Monday, May 5, 2014
Easy Box Joints On the Tablesaw
While waiting for the glue to dry on my vanity project, I started a side project for my oldest daughter and thought this would be a great time to show how I'm going to build the drawers for the vanity. For any boxes or drawers, I love to use the box joint because it looks beautiful like its cousin the dovetail, it is so simply to make compared to traditional dovetails, can be made using a cheap crappy tablesaw like the one I have, and has lots of glue surfaces so it a very strong joint. To make the jig you need, I glued a small strip of wood to the bottom of another scrap piece of wood to act as a ledger to support my work pieces over the large throat opening of my tablesaw. Because it is a cheap tablesaw, I really can't make anything to fill the opening when working with my dado blade set so this helps improve safety. Clamp the wood to your miter slide and cut a notch in it with the dado set you want to use for your box joint. Fill that notch with another scrap piece of wood which will help you set the gauge for make all the rest of the notches. Slide the wood over and more permanently attach it to your miter gauge using a piece of your same notch filling material (that should be the exact width of your dado set) to gap the piece you filled in to the dado blade. The jig is now ready to go.

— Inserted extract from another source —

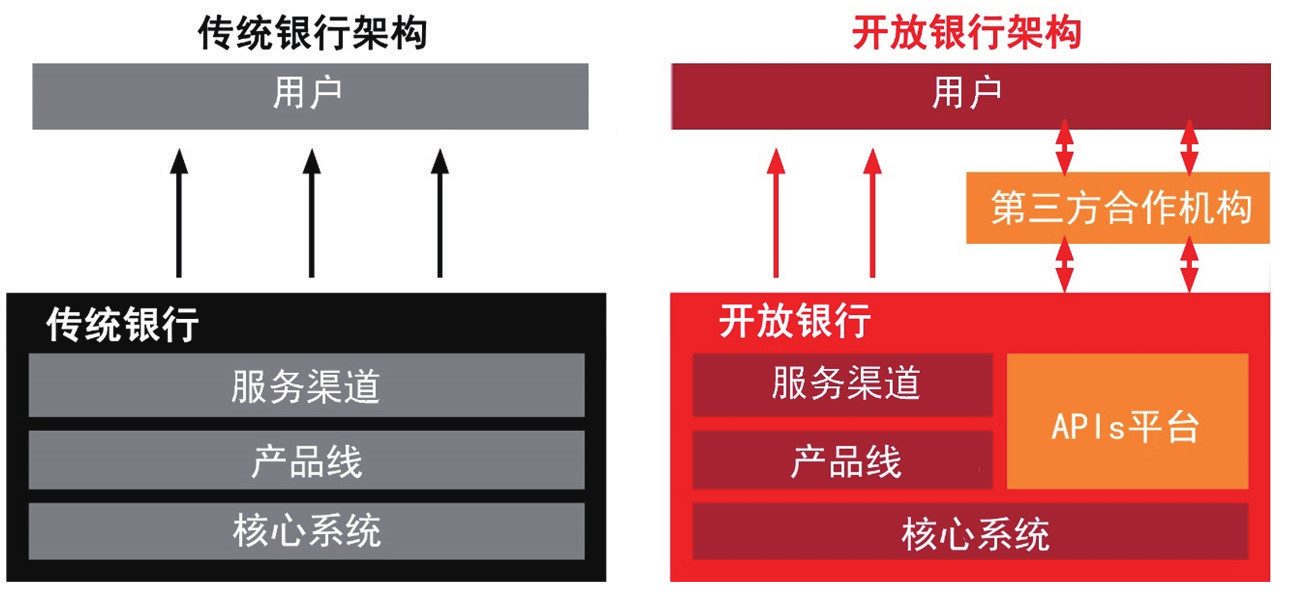 央行西安分行副行长张志峰：开放银行在路上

This picture just shows how I bolted my jig to my miter gauge so that I can reuse it on other projects. I also wrote what blades I used in my dado set on the jig face so that I can be sure to set it up the same every time.

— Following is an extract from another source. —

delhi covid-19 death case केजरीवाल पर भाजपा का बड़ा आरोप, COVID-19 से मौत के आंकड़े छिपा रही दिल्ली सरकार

To start, you lay the piece down on top of the ledger board on the bottom of the jig and raise the dado blade height so it is just slightly taller than the thickness of your material plus the ledger board. This will ensure that once you do a little sanding, everything will be nice and flush. Then you but the first side of your work piece to the glued in notch stop and make your first pass.
Place the notch you just cut on the notch stop block and make your second cut. Repeat for the width of the board and then flip the board over and do the other side making sure you begin on the same edge of the board on both sides. This way if you end up with a partial finger on one end, things still line up properly.
To cut the side pieces, you take your first piece that you cut and turn it around so that the first full finger is now between the notch block and the blade. You then slide your adjoining piece up next to it and cut your first notch as shown above.
Now you can set that notch on your notch block and repeat down the board like before and flipping it end for end to keep the sides the same like before.
In the end, you should end up with a project like above that I was able to complete in about a half hour from setting up the jig to the test fitting shown above. Note there are two boxes sitting on top of each other.
My daughter has a step stool box that she used when she was younger to be able to reach the bathroom sink to brush her teeth and wash her hands. It has a lid on it that she can open up and put things inside the upper step. When she outgrew it, she moved it into her room and uses the storage space to store her 'secret' things which are little doodads and mementos she has collected over the years. I know enough to respect her privacy and not sort through her saved stuff but my MIL and her sisters who visit can't seem to resist the temptation to sort through it and throw stuff out that is not important to them but very important to my daughter. So in an effort to prevent more future tears, I am making a small chest for my daughter that she can lock up and prevent others from sifting through her things. An added benefit is that we can get the step stool back for our youngest daughter who will be needing it in the near future to reach the bathroom sink. I will show you the completed box when I get it finished in another post.